GIVEN DATA:
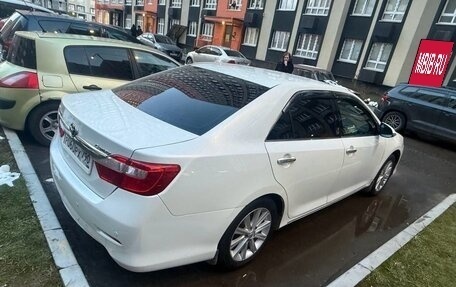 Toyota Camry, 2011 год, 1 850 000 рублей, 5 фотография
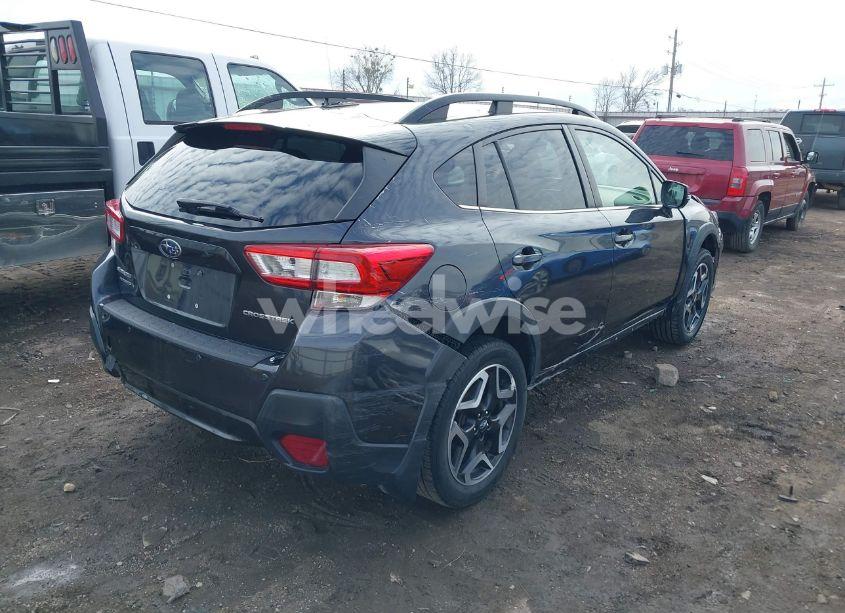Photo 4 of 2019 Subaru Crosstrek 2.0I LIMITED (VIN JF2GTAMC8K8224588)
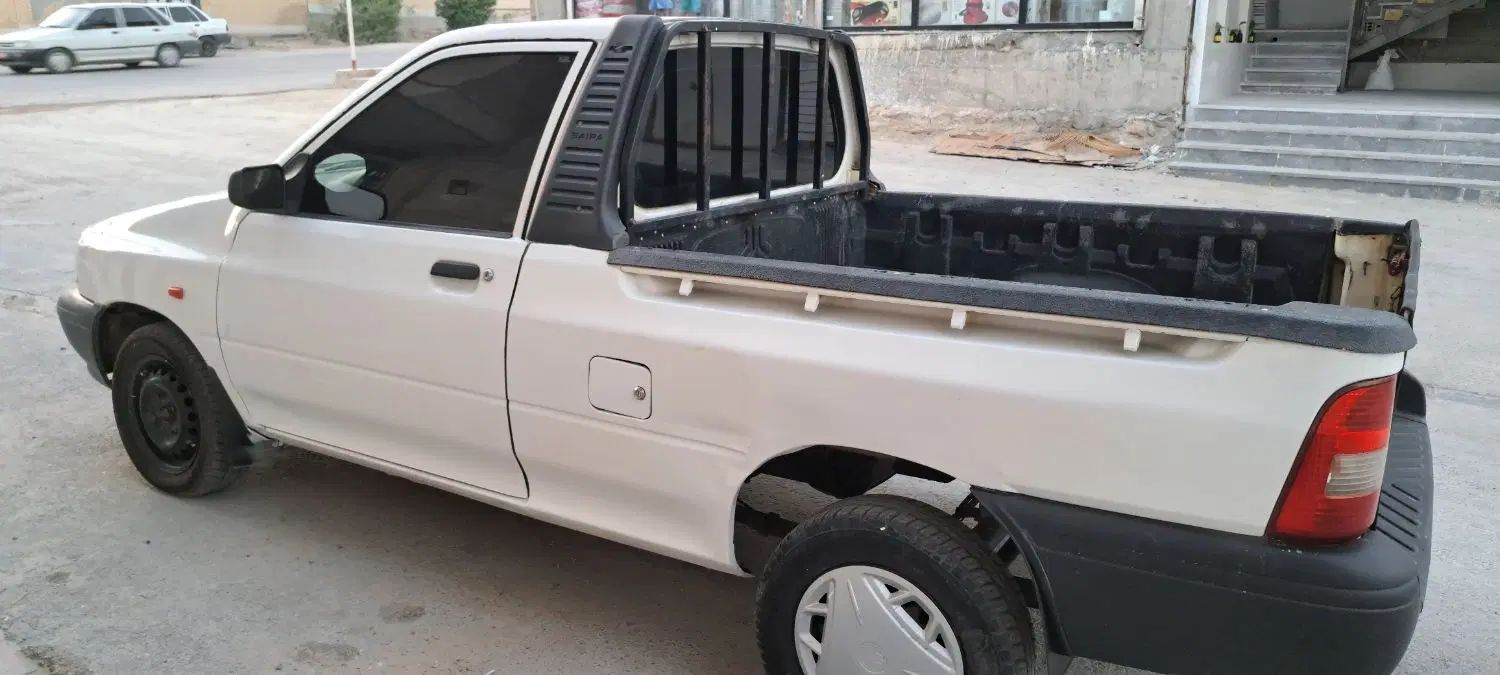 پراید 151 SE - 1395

YOUR GOAL:
Reproduce nothing but the lines from the line containing "Photo 4 of 2019" through the last line of the data above, exactly as written and without pictures.

EXERCISE RESPONSE:
Photo 4 of 2019 Subaru Crosstrek 2.0I LIMITED (VIN JF2GTAMC8K8224588)
 پراید 151 SE - 1395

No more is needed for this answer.